SUMENEP, FaktualNews.co – Sejumlah aktivis yang mengatasnamakan Penegak Pilar Bangsa dan sejumlah Kepala Desa di Kecamatan Bluto, Sumenep, Madura, Jawa Timur, mendatangi kantor Kejaksaan Negeri (Kejari) setempat untuk menyamakan persepsi terkait pengurusan Proyek Operasi Nasional Agraria (PRONA) di bumi Sumekar.
Program nasional Badan Pertanahan Nasional ini menjadi atensi khusus sejumlah aktivis dan hampir keseluruhan Kepala Desa di Kabupaten Sumenep, Madura, Jawa Timur.
Untuk itu, mereka berbondong-bondong mendatangi kantor Kejari Sumenep pasca dipanggilnya dua Kepala Desa karena dugaan pungli prona.
Mereka meminta agar urusan prona diberi pengecualian oleh penegak hukum, karena kondisi di bawah dinilai tidak sesuai dengan aturan yang dilahirkan dalam surat Keputusan Bersama (SKB) tiga menteri.
Koordinator Penegak Pilar Bangsa, Edy Junaidi mengatakan, berdasarkan surat Keputusan Bersama (SKB) yang ditandatangani oleh Menteri Agraria dan Tata Ruang/Kepala Badan Pertanahan Nasional, Menteri Dalam Negeri, Menteri Desa, Pembangunan Daerah Tertinggal dan Transmigrasi, pada (22 Mei 2017) di Jakarta menetapkan jenis kegiatan, jenis biaya dan besaran biaya yang diperlukan dalam pelaksanaan persiapan pendaftaran tanah.
“Dari SKB itu jelas, biayanya hanya Rp 150.000,- dengan empat patok dan dua materai, sementara untuk operasional di lapangan, karena yang digunakan di Madura bukan kavling, maka biayanya pasti lebih,” katanya, Selasa (23/1/2018) usai audiensi di kantor Kejari Sumenep.
Bahkan, Edi Kuncir panggilan akrabnya membeberkan, untuk patok bisa mencapai lima sampai delapan.

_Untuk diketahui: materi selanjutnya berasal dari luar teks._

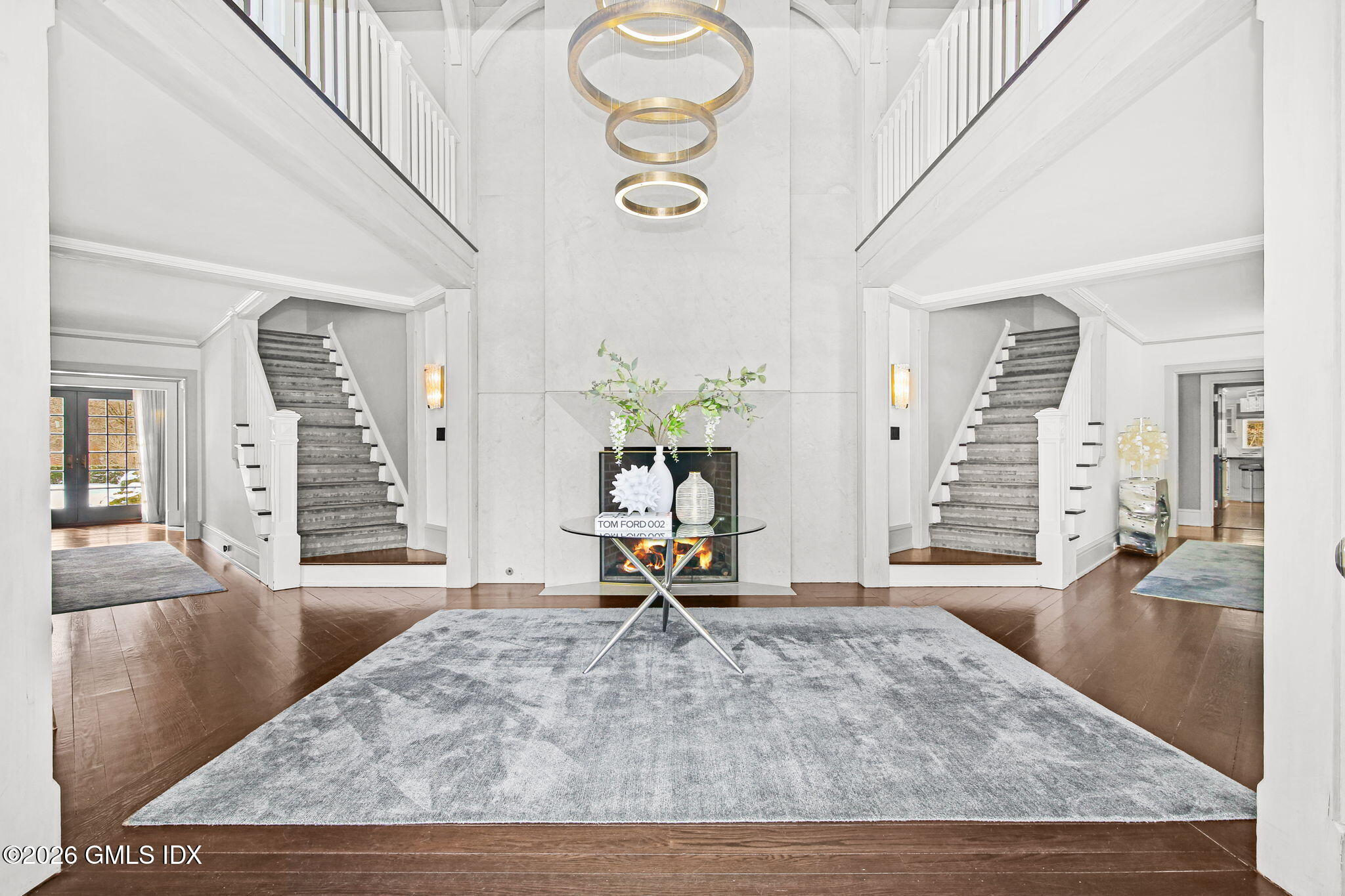 164 Round Hill Road Greenwich, CT 06831 - Photo 3 of 67 Foyer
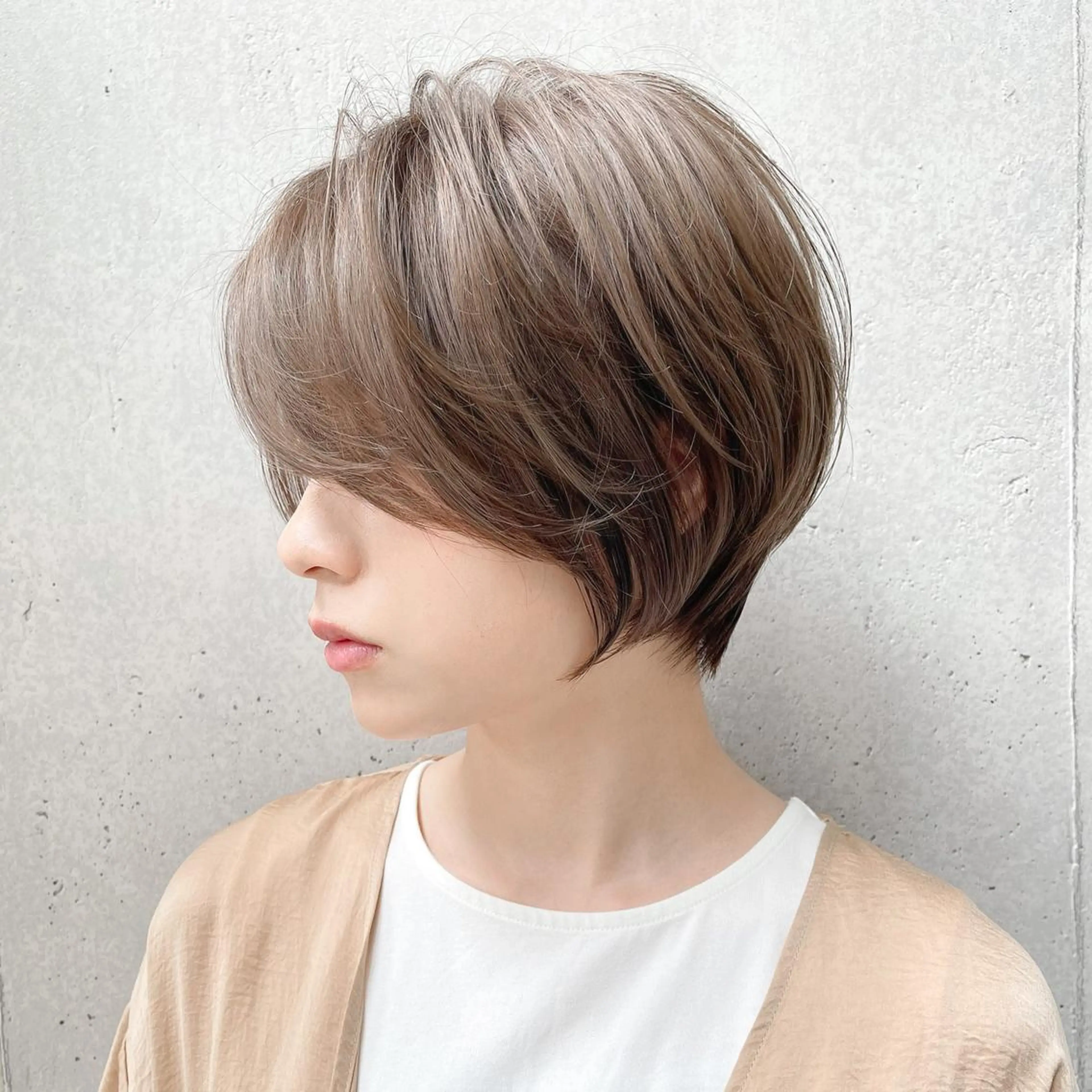 ショート カラー 宮本 聖希のヘアスタイル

Sementara materainya, bisa membutuhkan tujuh hingga delapan.
Itu, kata Edi Kuncir, sudah tidak sesuai dengan SKB tersebut. “Lalu dari mana biasa itu didapatkan, yang jelas ditanggung oleh pemilik lahan, apa itu disebut pungli,” imbuhnya dengan nada bertanya.
Pernyataan senada disampaikan Ketua Asosiasi Kepala Desa (AKD) Kecamatan Bluto, Warid. Menurutnya, pemerintah desa tidak terlalu berharap adanya program seperti itu jika ujung-ujungnya akan berurusan dengan hukum.
“Pada dasarnya kami tidak butuh, karena jika warga butuh legalitas tanah, biar ngurus sendiri, dengan biaya sendiri pula. Itu kan tidak resiko ke kami (Kepala Desa,red),” katanya.
Untuk itu, dirinya bersama belasan Kepala Desa yang turut hadir dalam audiensi itu, berharap ada atensi khusus dari Kejari Sumenep masalah biaya prona tersebut. “Kita butuh perhatian dari Kejari, agar ini tidak dikategorikan sebagai pungli,” tandasnya.
Sementara itu, Kepala Kejari Sumenep, Bambang Panca Wahyudi Hariadi, enggan berkomentar banyak terkait permintaan sejumlah aktivis dan para Kepala Desa tentang biaya prona yang diluar ketentuan SKB tiga menteri itu.
“Sebagai penegak hukum, kami harus menjalankan ketentuan sesuai aturan,” ucapnya singkat kepada sejumlah wartawan.